Python Forum

Full Version: regex to extract only yy or yyyy
You're currently viewing a stripped down version of our content. View the full version with proper formatting.
Dear Python/Regex Experts,

I have two regex patterns that I use in Python that need a little improvement.

1. #m/d/yy month in Digits e.g. 1/2/98
pattern1 = r'(\d{1}/\d{1}/\d{2})'

I need an extra condition that after those final yy digits, there should be no other digits coming.
If they do, it is covered by a different pattern or not actually a date.

2. #yyyy e.g. 1984
pattern2 = '(\d{4})'

For the second pattern, I need to make sure that the year stands alone and has no more digits before or after.

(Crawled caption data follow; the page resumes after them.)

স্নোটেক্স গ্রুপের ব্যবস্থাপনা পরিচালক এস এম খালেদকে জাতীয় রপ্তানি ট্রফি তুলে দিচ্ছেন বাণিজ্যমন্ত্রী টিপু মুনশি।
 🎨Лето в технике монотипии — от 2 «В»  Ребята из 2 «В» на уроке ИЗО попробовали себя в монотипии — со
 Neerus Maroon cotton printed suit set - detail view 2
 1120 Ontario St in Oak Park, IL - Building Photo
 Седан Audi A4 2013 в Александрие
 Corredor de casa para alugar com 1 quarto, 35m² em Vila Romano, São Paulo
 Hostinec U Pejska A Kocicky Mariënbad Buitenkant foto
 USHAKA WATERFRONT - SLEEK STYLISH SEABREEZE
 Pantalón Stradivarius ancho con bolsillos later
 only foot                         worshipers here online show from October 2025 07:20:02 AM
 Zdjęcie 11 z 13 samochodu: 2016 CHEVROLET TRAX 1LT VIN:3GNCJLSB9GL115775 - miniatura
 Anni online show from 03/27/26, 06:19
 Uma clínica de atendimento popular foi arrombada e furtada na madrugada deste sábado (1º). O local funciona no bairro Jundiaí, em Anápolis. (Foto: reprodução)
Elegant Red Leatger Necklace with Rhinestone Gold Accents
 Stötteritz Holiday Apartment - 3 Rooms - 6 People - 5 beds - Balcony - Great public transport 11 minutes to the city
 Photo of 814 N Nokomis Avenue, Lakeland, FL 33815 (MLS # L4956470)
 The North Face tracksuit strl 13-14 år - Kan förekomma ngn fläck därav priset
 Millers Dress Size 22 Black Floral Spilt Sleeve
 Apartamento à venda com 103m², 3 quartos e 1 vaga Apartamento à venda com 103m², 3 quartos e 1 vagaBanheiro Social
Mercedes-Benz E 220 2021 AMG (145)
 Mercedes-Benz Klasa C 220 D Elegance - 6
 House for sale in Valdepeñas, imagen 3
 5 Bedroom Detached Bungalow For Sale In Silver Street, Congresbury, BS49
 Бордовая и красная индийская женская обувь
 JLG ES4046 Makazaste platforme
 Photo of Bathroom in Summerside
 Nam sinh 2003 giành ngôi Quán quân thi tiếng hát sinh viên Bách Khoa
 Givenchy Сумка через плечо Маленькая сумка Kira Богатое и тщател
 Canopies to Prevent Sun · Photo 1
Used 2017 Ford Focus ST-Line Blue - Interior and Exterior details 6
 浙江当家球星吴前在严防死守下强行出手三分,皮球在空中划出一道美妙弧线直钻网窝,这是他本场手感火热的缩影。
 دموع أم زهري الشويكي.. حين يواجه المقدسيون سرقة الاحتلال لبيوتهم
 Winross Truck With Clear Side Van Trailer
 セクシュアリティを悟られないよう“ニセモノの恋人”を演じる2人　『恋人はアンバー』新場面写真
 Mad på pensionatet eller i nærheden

I would really appreciate any help.
You should post what you tried(like in working code),and also test example with input and wanted output
I can me a mess of text that you work with,or it can be more structured.
(Jul-11-2018, 11:29 AM)metalray Wrote: [ -> ]For the second pattern, I need to make sure that the year stands alone and has no more digits before or after.
>>> import re
>>> 
>>> s = '1980 100 18000 2000 112 2018'
>>> re.findall(r'(?<!\d)\d{4}(?!\d)', s)
['1980', '2000', '2018']

# only 2
>>> s = '19 100 18000 20 1234 1 55'
>>> re.findall(r'(?<!\d)\d{2}(?!\d)', s)
['19', '20', '55']
{1} is an absolutely redundant modifier - \d and \d{1} are equivalent, so why would you want to add extra symbols? It is just wasteful.

{,1} is another issue - but again, ? does the same, only in one symbol instead of 4.

For 2 digits, e.g. \d\d is shorter than \d{2}, so I will still go for the former (but that is a matter of taste).

RE is complex enough without adding redundancies